### Work task
An exact copy of the data is required, with no pictures in it.
=== Begin Enclosure ===
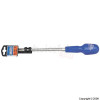 Draper Cross Slot No.2 x 38mm Screwdriver with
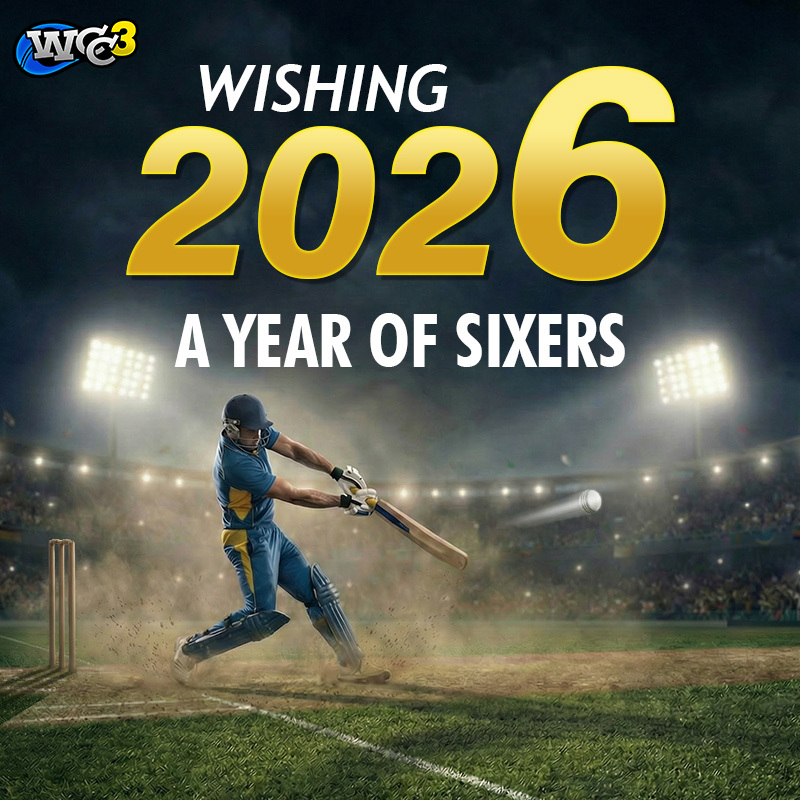 World Cricket Championship 3 tweet media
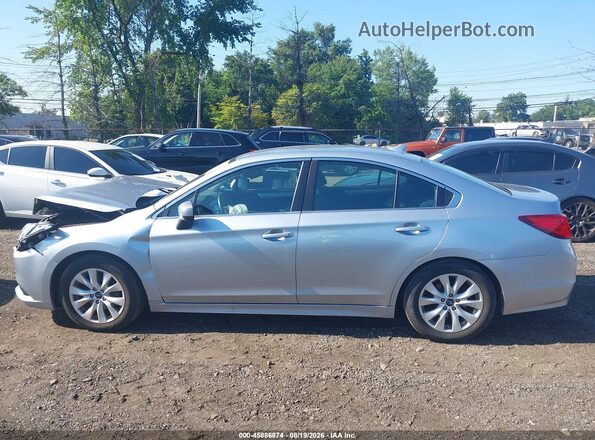 4S3BNAC68G3050315 2016 SUBARU LEGACY Silver Панорамний вид салону 360°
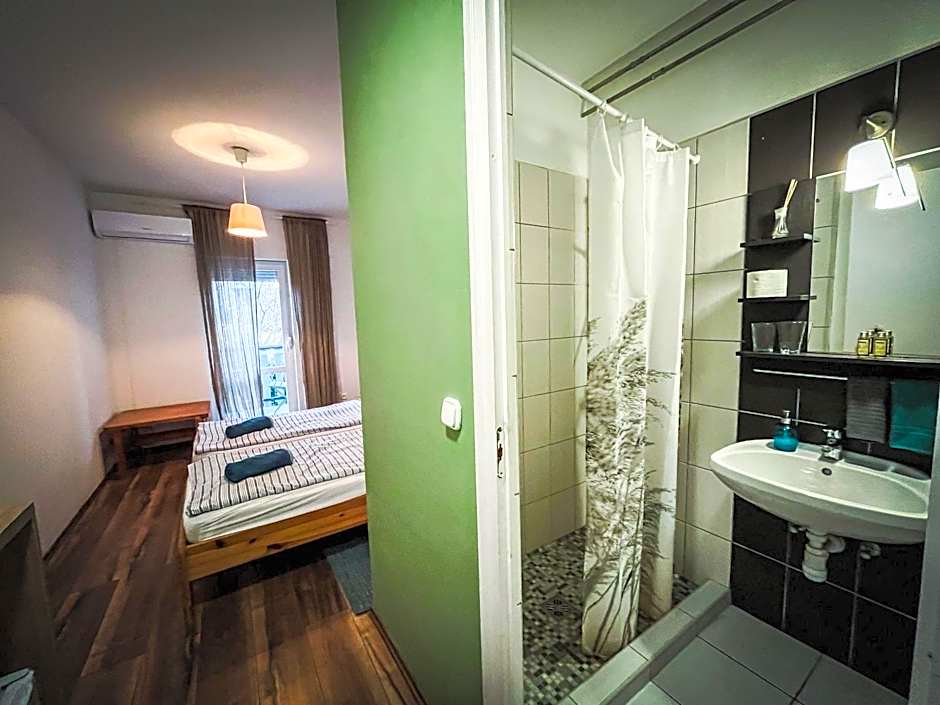 Patent, your home in Badacsony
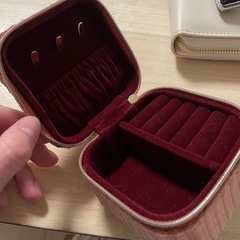 Francfranc／アクセサリーケースの画像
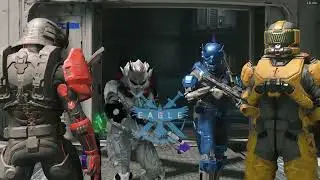 Halo Infinite Ranked Arena Slayer Recharge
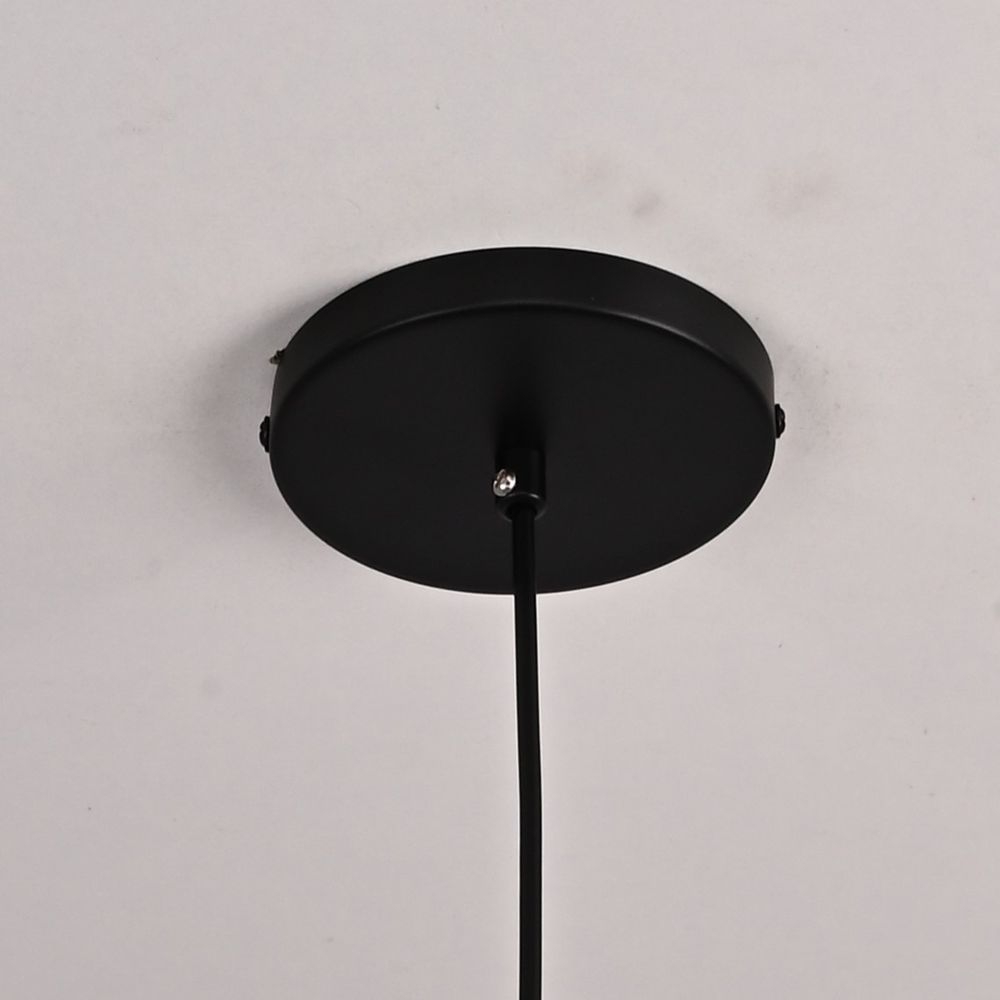 Подвесной светильник RH Utilitaire Funnel Pendant Black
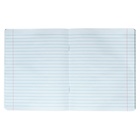 Тетрадь предметная "Яркие детали", 48 листов в линию "Литература", обложка мелованный картон, выборочный твин-лак, УФ-лак, блок офсет - фото 23976214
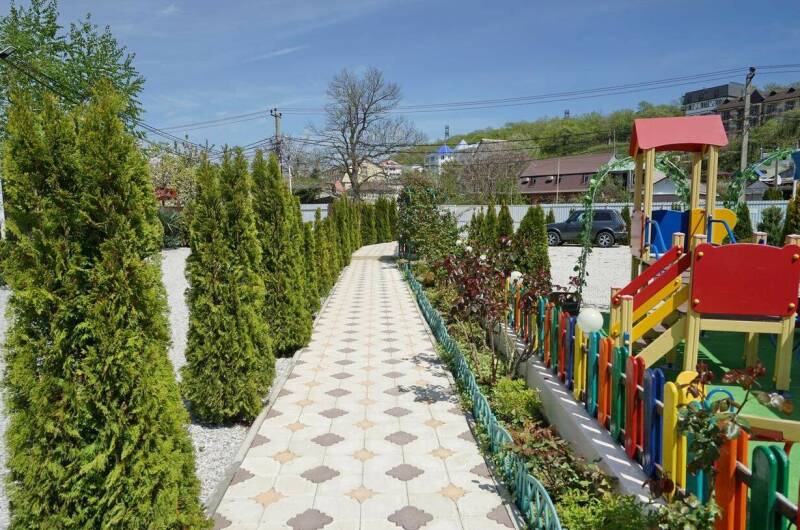 Гостиница «Мираж-престиж»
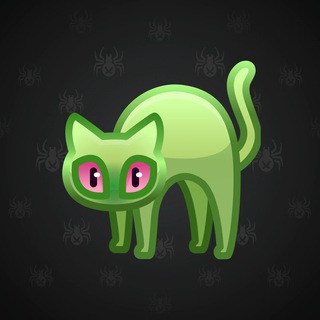Scared Cat #19213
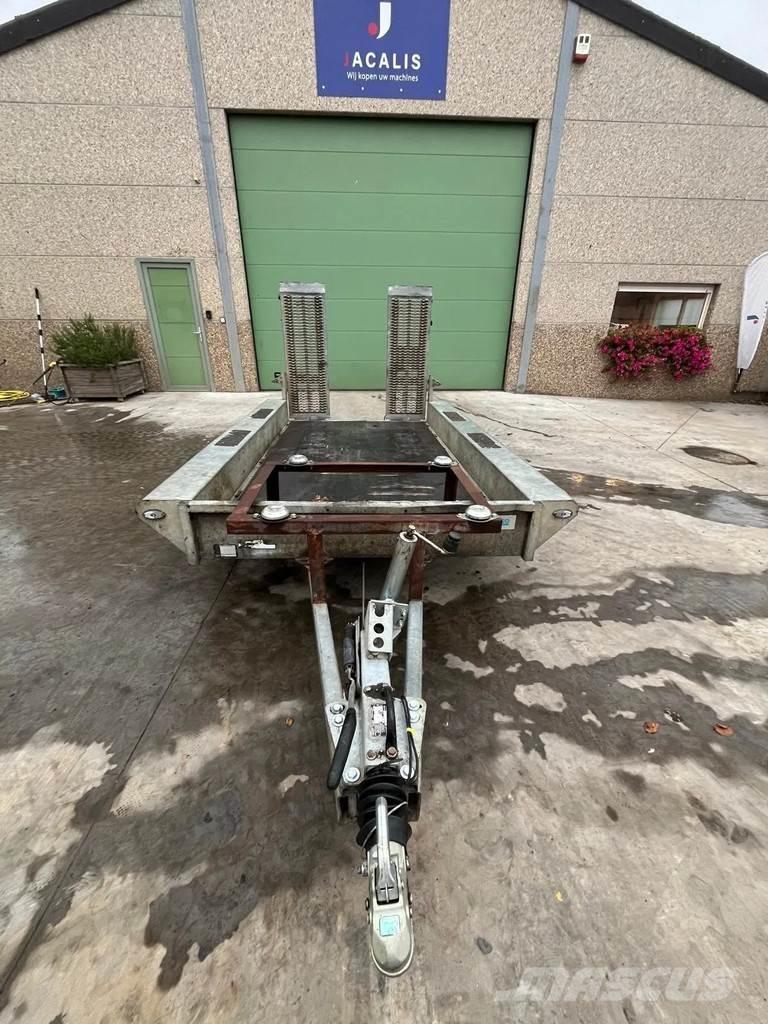 Hapert LF2 مقطورات مركبات نقل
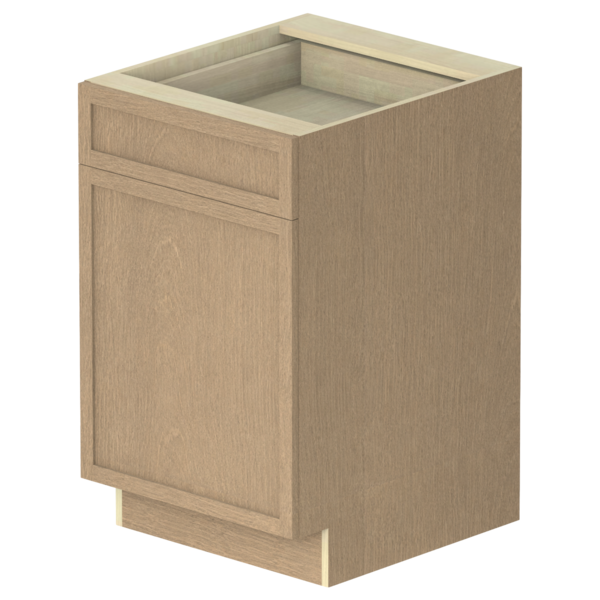 Belmont Base Kit - Kit - 12"X 34 1/2”H X 24”D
=== End Enclosure ===
### Output below
 Draper Cross Slot No.2 x 38mm Screwdriver with
 World Cricket Championship 3 tweet media
 4S3BNAC68G3050315 2016 SUBARU LEGACY Silver Панорамний вид салону 360°
 Patent, your home in Badacsony
 Francfranc／アクセサリーケースの画像
 Halo Infinite Ranked Arena Slayer Recharge
 Подвесной светильник RH Utilitaire Funnel Pendant Black
 Тетрадь предметная "Яркие детали", 48 листов в линию "Литература", обложка мелованный картон, выборочный твин-лак, УФ-лак, блок офсет - фото 23976214
 Гостиница «Мираж-престиж»
Scared Cat #19213
 Hapert LF2 مقطورات مركبات نقل
 Belmont Base Kit - Kit - 12"X 34 1/2”H X 24”D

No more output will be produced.